Faced by this unprecedented crisis and the deepening rifts appearing between societies protesting against austerity, European leaders are under immense pressure to deliver a quick solution. It must be both constitutional and the most palatable (and preferably painless) way out of the ever-deepening recession—which is hitting the poorest hardest. While facing similar though different issues, the U.S., the U.K. and Japan are not far behind.

The solutions
There are two sides to these more painless "solutions" being sought, in my view. The first, quantitative easing (QE), has been firmly established since the 2008 financial crisis, and is more popular with markets as a method of pouring short-term "oil" on the debt crisis "fire" in an attempt to alleviate slowing growth and cruelly high levels of unemployment in too many Organisation for Economic Co-operation and Development (OECD) countries.

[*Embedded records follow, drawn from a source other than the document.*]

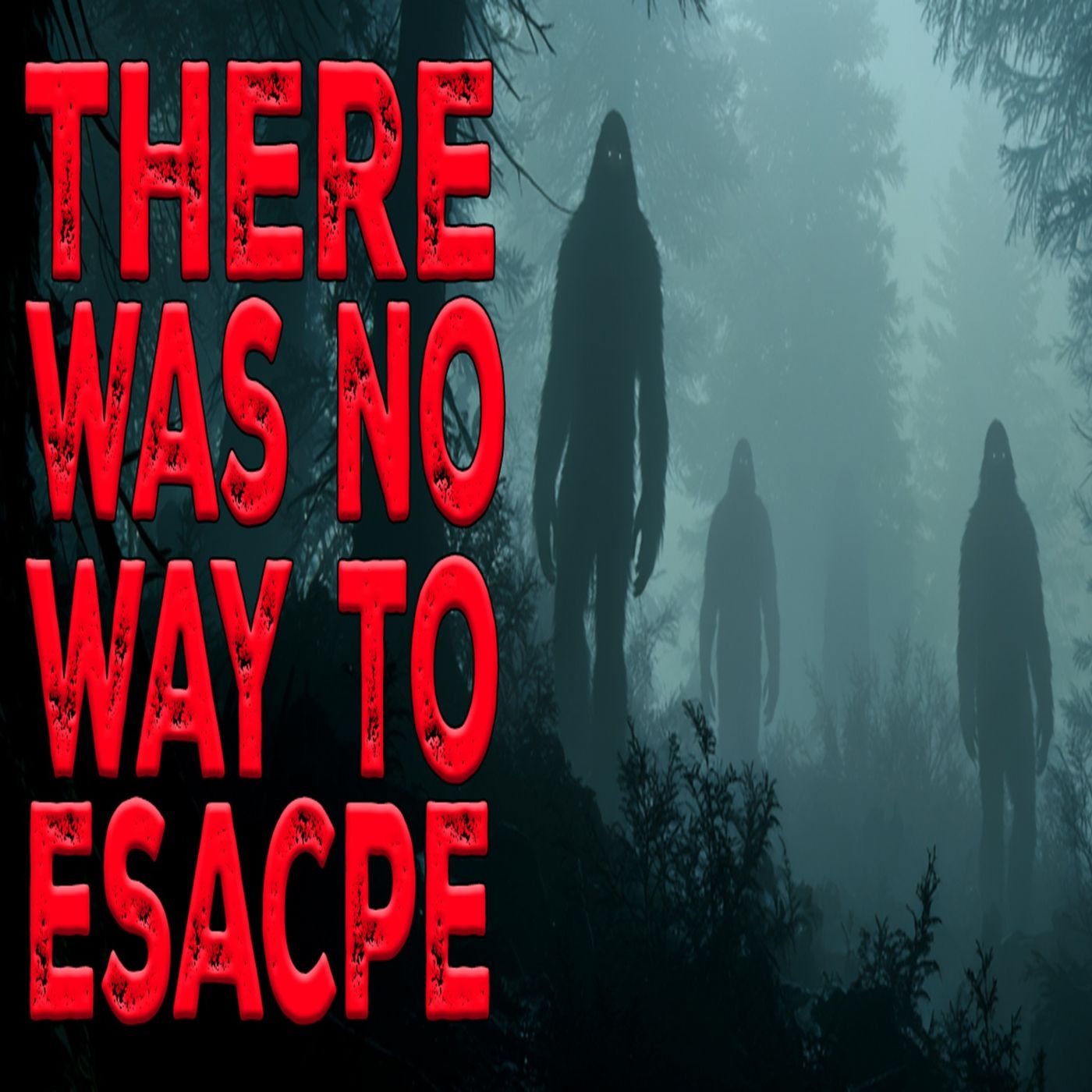 Bigfoot - There Was No Escape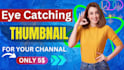 design professional catchy and unique youtube thumbnail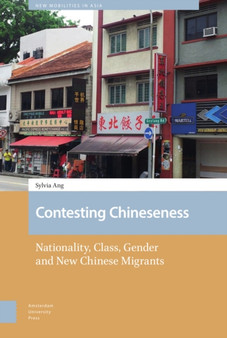 Contesting Chineseness : Nationality, Class, Gender and New Chinese Migrants
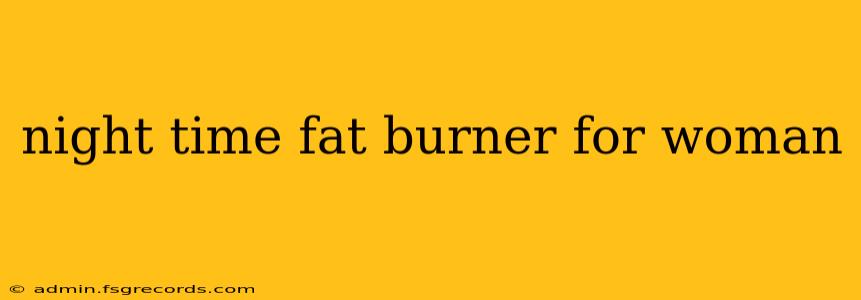 night time fat burner for woman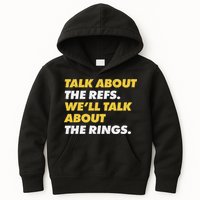 Talk About The Refs WeLl Talk About The Rings Kc Fan Kids Hoodie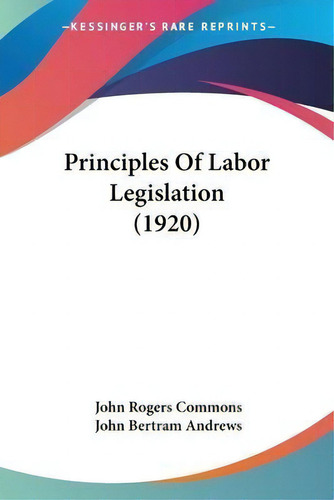 Principles Of Labor Legislation (1920), De John Rogers Commons., Vol. 1. Editorial Kessinger Publishing, Tapa Blanda En Inglés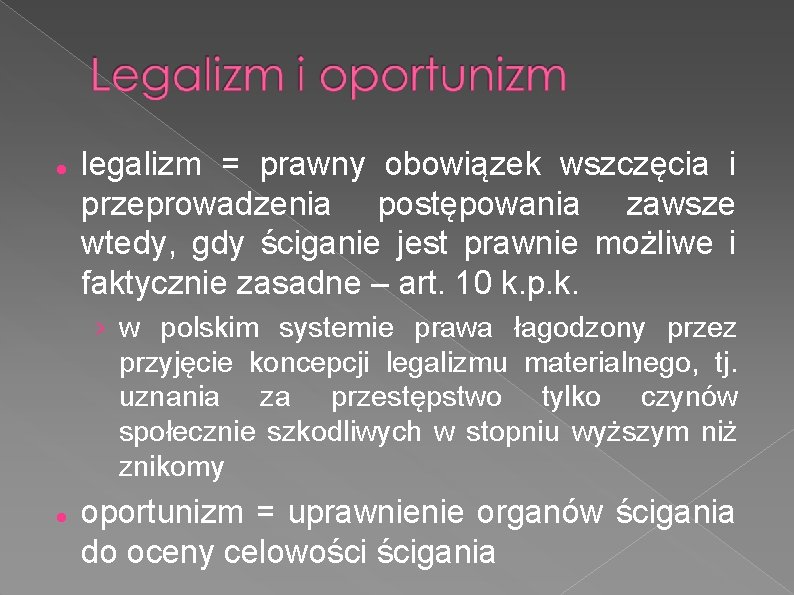  legalizm = prawny obowiązek wszczęcia i przeprowadzenia postępowania zawsze wtedy, gdy ściganie jest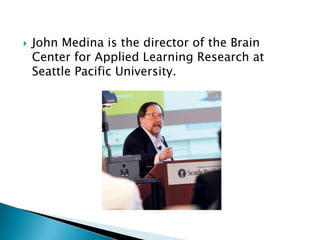John Medina is the director of the Brain Center for Applied Learning Research at Seattle Pacific University.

Welcome to the now familiar theme of short-term money action by central banks—which has sprung back to life recently—with further easing by China, Denmark, Brazil and Korea all lowering interest rates, the U.K. undertaking additional QE and the European Central Bank (ECB) lowering rates to a historic level. Sadly the positive effect of these actions lasted only a very short time, with the U.S. Federal Reserve’s recent minutes disappointing those hoping for yet more stimulus in the immediate future.

The second is a much less blatant, far more subtle long-term policy—already written about widely but nevertheless invisible to many in society, and hence so irresistibly attractive to Western governments under extreme pressure to come up with less painful solutions to ease the debt crisis.

Welcome to financial repression and artificially engineered negative interest rate policies (NIRP). Having long since been implemented, it's here to stay for many years (or even decades) to come—as it must if it is to solve the excessive debt burden and entitlements obligation. While far less obvious to the average citizen in the short term, it has a huge long-term impact and brings many challenges with it—which I will endeavour to explain for you below, point by point.

 Welcome to a RIGGED future

The facts

Restrictive and regulated behaviors will impact all participants in the savings industry, as banks are forced to hold more sovereign bonds, insurers are encouraged by Solvency II to remain risk-averse, and pension funds are persuaded to accept increasingly less-volatile returns.
Inflation of real assets and costs are likely to erode nominal cash returns, thereby making savers unable to protect the purchasing power of their money. A premium may emerge for illiquid, high-quality, infrastructure-type assets.
Government policies will tend to squeeze out private capital during this period, thereby dulling the real value-creating part of the economy and highlighting the value of growth companies globally.
Global investment opportunities are expected to remain attractive during a time when many policies seek to de-globalize markets and correct the remaining huge imbalances that remain in Europe and around the world—a process that may take years to undo.
Equities in the past have been able to offset much of the pain of financial repression, especially by (A) offering real inflation-adjusted dividends within high-quality large-cap stocks, but most effectively in small caps both regionally and globally; and (B) accessing the real market growth of the emerging markets.
Disciplined investment skills can optimize the full use of risk in a client's portfolio, implemented in as unconstrained a fashion as possible.
RIGGED it may be ... and the fight to protect the value of your savings has just begun.